Louis Christopher of Australian Property Monitors likes the comparison with Paddo. "In the 70s, that was very much a workers’ rundown area but, over the course of 20 years, it changed to be one of Sydney’s blue-ribbon suburbs," he told The Sunday Mail.
As first sods are turned, "for sale" billboards are erected and speeches are made by state government politicians, it is becoming clear that the transformed areas will be reserves for the wealthy and not the existing residents of predominantly working class Port Adelaide. Their hopes for the redevelopment are restricted to finding work in its construction and ongoing servicing. Clearer still is the fact that recognition of the location’s Indigenous heritage will be limited and token.
This is how developers Urban Concept and Multiplex Living are promoting stage one of their latest housing development:
"Edgewater is a perfectly planned community of 187 contemporary style homes… There are 2 & 3 storey villas with both harbour and park views and apartments with park views. Everything from a traffic free water’s edge promenade to beautifully landscaped park areas to enjoy. Residents enjoy exclusive membership to the Edgewater Club, providing pool, spa, sauna and gymnasium facilities for FREE. Not only luxurious and well appointed, Edgewater homes are environmentally responsible in their design too."
There is not a word about the history of the former CSR sugar refinery site which occupied much of the area until it was demolished in 1992 to make way for the redevelopment. The Kaurna people were forced from their last traditional riverside settlement in 1891 and into homelessness or onto missions to allow the construction of the factory. Needless to say, they were not compensated.

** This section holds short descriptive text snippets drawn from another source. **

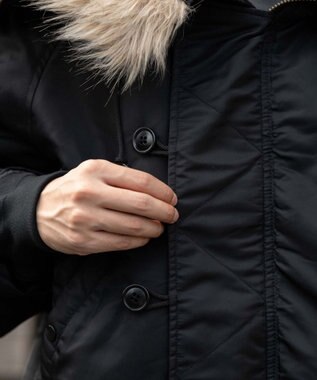 WEGO 【ユニセックス着用ITEM/MLサイズ展開】N2B ブラック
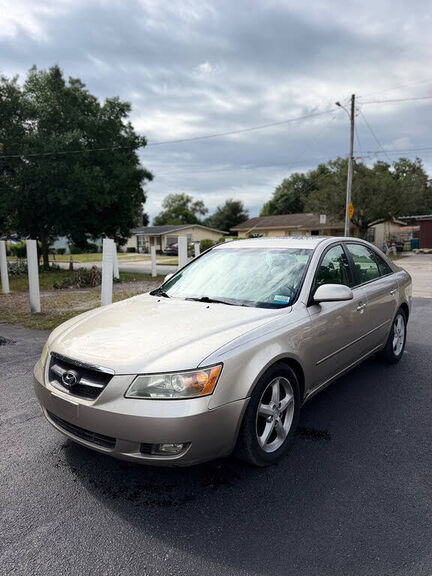 2007 HYUNDAI Sonata
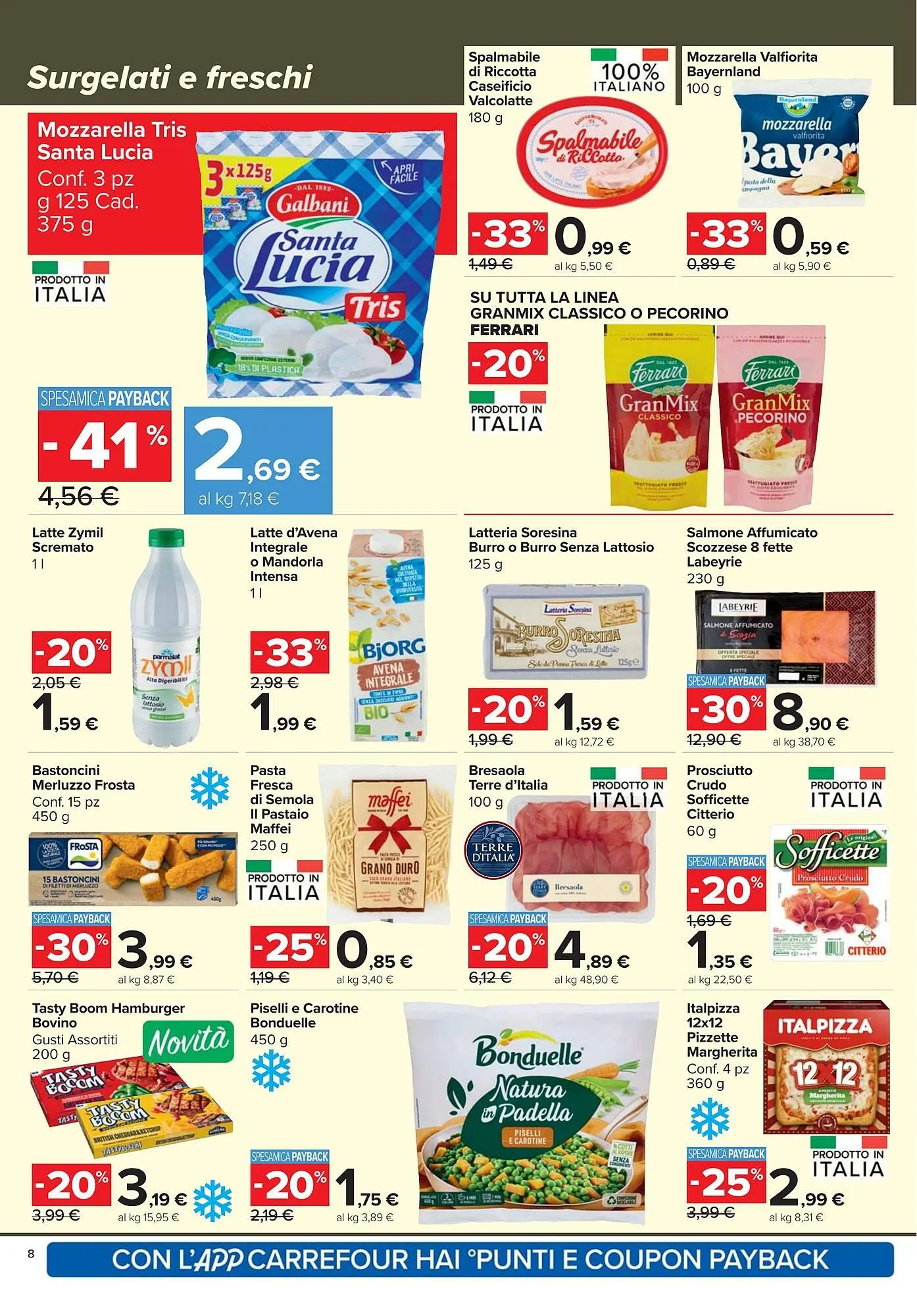 Volantino Carrefour Market da 5 maggio a 18 maggio di 2026 - Pagina del volantino 8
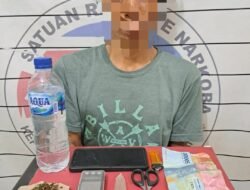 Warga Kluet Tengah Ditangkap Polisi
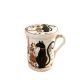 Gift cup with lid, Cats closeness, 300 ml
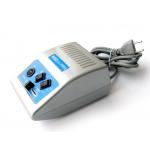  Nail Glazing system.  Electric nail glazing machine model DR-278	 Available color: silver		 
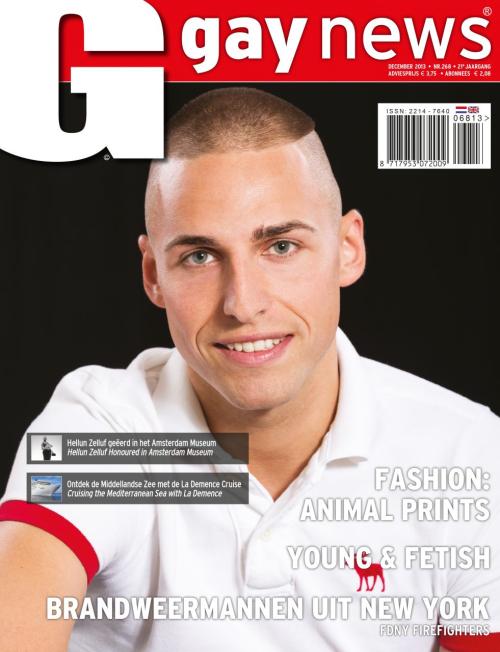 Auteur fotograaf Erik Fotoserie - Gay News cover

Kaurna elder Veronica Brodie still lives locally. Her great grandmother Lartelare (Rebecca Spender) was among the Aboriginal people evicted from the CSR site. Lartelare, her husband George, son James and daughter Laura were afraid to go the mission where they risked being split up. A year later they were arrested for begging on the streets of Adelaide. When Veronica went to see the CSR factory with her grandmother Laura Spender in 1951, the young Veronica was to made promise that she would do everything she could to return the land to its traditional owners.
True to her word, Veronica began the detailed work of reclaiming the land in 1992. Kym Mayes, the then Aboriginal Affairs Minister rejected her application under the Aboriginal Heritage Act, saying that the location of the campsites was unknown and, in any case, had been destroyed by the factory. She persisted and was able to bring more proof of her people’s association with the land. Finally, the site was protected but at the end of a decade of bureaucrat buck passing and "consultation" on the part of successive governments and agencies, it seems the acknowledgment of the area’s Kaurna heritage will be minimal.
Veronica Brodie originally asked that some of the land in question be given for the construction of an aged care facility for the Aboriginal community. There will be no such facility. Instead, there will be a "Kaurna Park", a strip of land north of the Jervois Bridge that intersects the site. This will have a monument or some other sort of installation to remind the more reflective park users of the original inhabitants. This will be added to the Kaurna Heritage Trail launched on June 1, 2003 and which comprises six "interpretative signs" that describe traditional land use of the area. There is talk of a "cultural centre" but no talk of dollars to build it. If ever such a centre gets built, it will be wee away from the water’s edge, which is about to be lined with marina berths.
Veronica is not giving up. Together with supporters, she is planning a "Cultural Heritage Day" with speakers, bands, BBQ and drinks on the land where her ancestors had their last camps. She is hoping that the event will raise awareness and protests about the plans for luxurious apartments on the traditional land of her dispossessed people.